Таким образом, возражения министра Декре были весьма существенны. Наполеон черпал ответы в своем характере, в своей вере в удачу, в воспоминаниях о Сен-Бернаре и Египте. Он говорил, что самые его блистательные операции, несмотря на столь же великие препятствия, удавались; что нужно оставлять на волю случая как можно меньше, но всё же нужно что-то оставлять. Однако, не переставая отвечать на возражения, он умел их оценить. Этот человек, без конца испытывавший удачу и в конце концов отвративший ее, никогда не пренебрегал возможностью лишний раз избавить себя от опасности и добавить шанс своим планам. Дерзкий в замыслах, он привносил в их исполнение безупречную предусмотрительность. Именно чтобы устранить эти возражения, он и обдумывал непрестанно план неожиданного маневра, с помощью которого он мог бы ввести большой флот в пролив. Если бы этот флот, обогнав лишь на три дня английский флот из Дюн, прикрыл переход флотилии, все препятствия отпали бы. Адмирал Декре признавал, что в таком случае у него не останется возражений, и покоренный Океан откроет Великобританию удару французов. Если бы французы обеспечили себе превосходство более чем на два дня (ибо английский флот, наблюдавший за Булонью, не мог быстрее оповестить флот, который блокировал Брест, чтобы тот немедленно воссоединился с ним), этого времени было бы достаточно, чтобы флотилия вернулась от берегов Англии за новыми войсками, оставленными в лагерях, десятью-пятнадцатью тысячами лошадей и боеприпасами. Тогда силы становились так велики, что всякое сопротивление со стороны Англии делалось невозможным.
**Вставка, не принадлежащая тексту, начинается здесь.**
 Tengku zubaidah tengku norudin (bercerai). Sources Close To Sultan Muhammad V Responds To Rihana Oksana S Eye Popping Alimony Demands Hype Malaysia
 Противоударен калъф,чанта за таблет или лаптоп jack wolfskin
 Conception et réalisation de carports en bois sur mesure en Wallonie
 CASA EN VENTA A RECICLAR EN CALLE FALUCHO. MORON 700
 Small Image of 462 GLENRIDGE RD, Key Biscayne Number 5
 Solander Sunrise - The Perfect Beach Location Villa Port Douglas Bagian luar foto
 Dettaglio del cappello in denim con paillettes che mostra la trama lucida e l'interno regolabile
В Бресте Наполеон располагал 18 кораблями, которых вскоре должно было стать 21; в Рошфоре – 5 и 5 – в Ферроле, одним кораблем в порту Кадиса и, наконец, 8 кораблями в Тулоне, где их число должно было увеличиться до 10. Английский адмирал Корнуоллис блокировал Брест с 15–18 кораблями, а Рошфор – с 4–5. Небольшая английская дивизия блокировала Ферроль. Наконец, Нельсон с его эскадрой крейсировал у Йера, наблюдая за Тулоном.
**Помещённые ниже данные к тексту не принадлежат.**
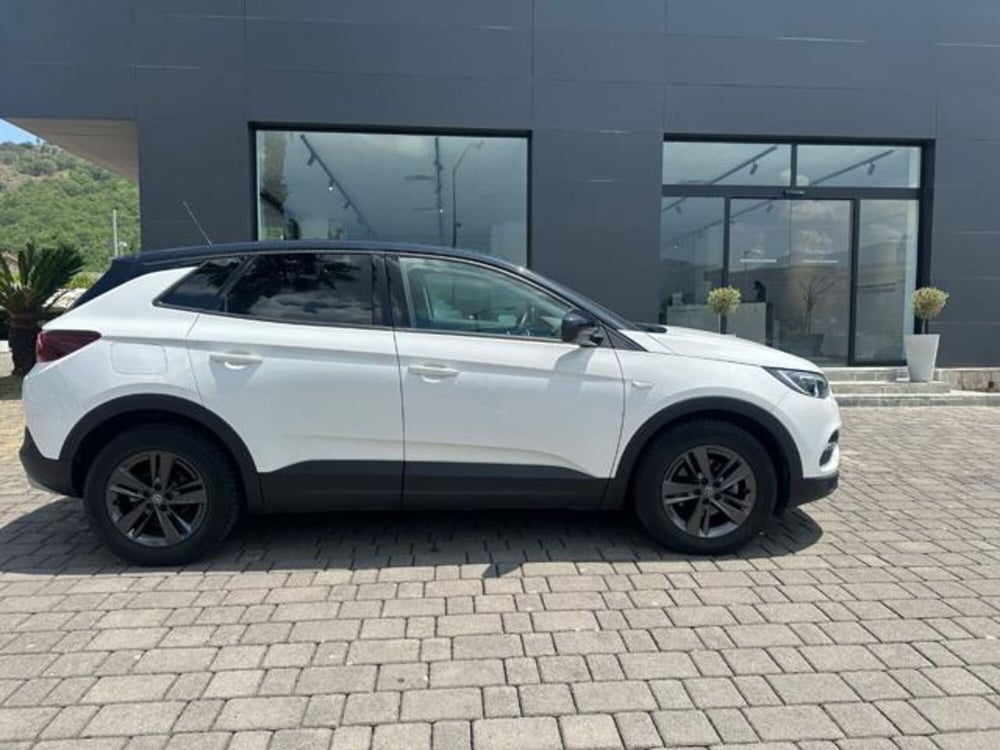 Opel Grandland X usata a Salerno (3)
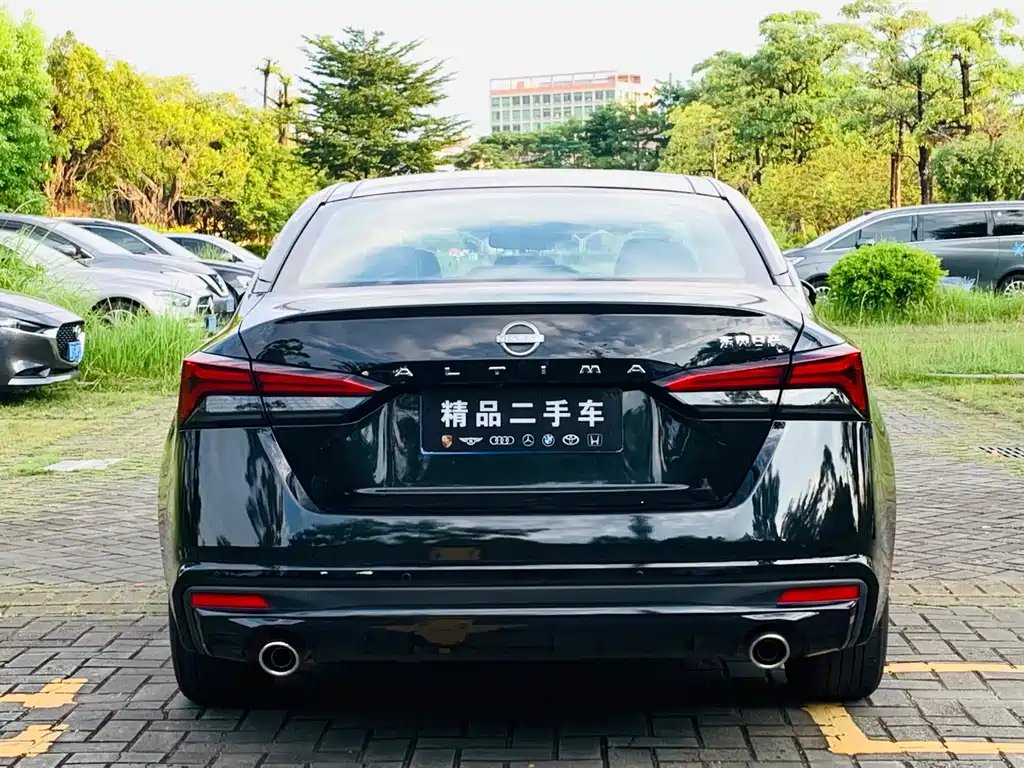 Nissan Teana — миниатюра 5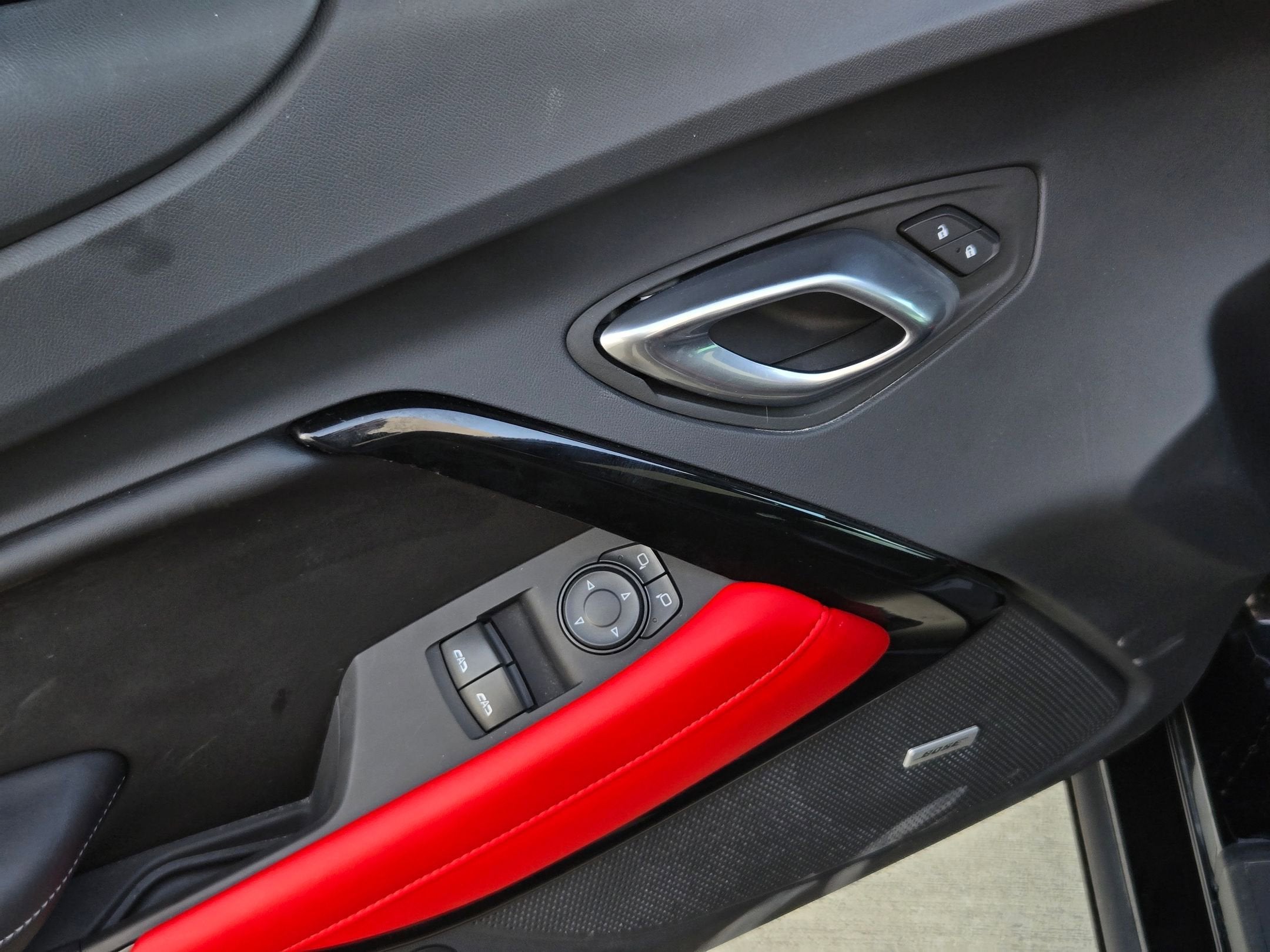 2023 Chevrolet Camaro 2LT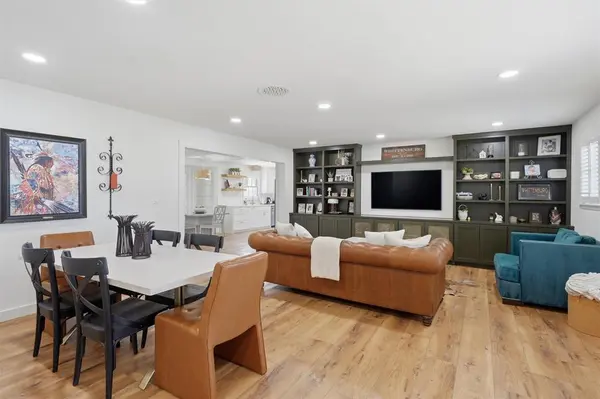 4137 Selkirk Drive W, Fort Worth, TX 76109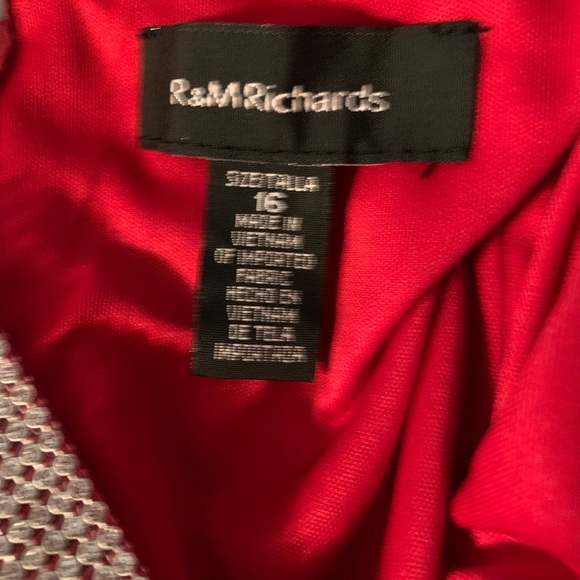 Wide legged red jumpsuit. Rhinestone shoulder strap. Looks like a gown. Size 16 - Picture 8 of 12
Таково было взаимное расположение сил и поле для комбинаций Наполеона. Он задумал скрыть один из своих флотов и неожиданным маневром привести его в Ла-Манш, чтобы оказаться там на несколько дней раньше англичан. Когда он собирался действовать зимой, то есть в прошлом феврале, он рассчитывал направить флот Бреста к берегам Ирландии, чтобы тот высадил на месте 15–18 тысяч человек и затем внезапно появился в Ла-Манше. Этот дерзкий план имел шансы на успех только зимой, потому что в это время года постоянно блокировать Брест становилось невозможным, и можно было воспользоваться дурной погодой, чтобы приготовиться к отплытию. Но летом, когда англичане присутствовали там постоянно, отплыть без сражения было затруднительно. В это время года гораздо легче было отплыть из Тулона. Сильный мистраль, дующий довольно часто в июне и июле, вынуждал англичан искать убежища за Корсикой и Сардинией. Воспользовавшись их уходом, эскадра могла сняться с якоря с наступлением темноты, выиграть за ночь двадцать лье, обмануть Нельсона, взяв ложный курс на Восток, и привлечь его, по возможности, к устьям Нила; ибо, с тех пор как Наполеон ускользнул от него в 1798 году, Нельсон постоянно был озабочен возможностью французов перебросить армию в Египет и не хотел быть захваченным врасплох во второй раз.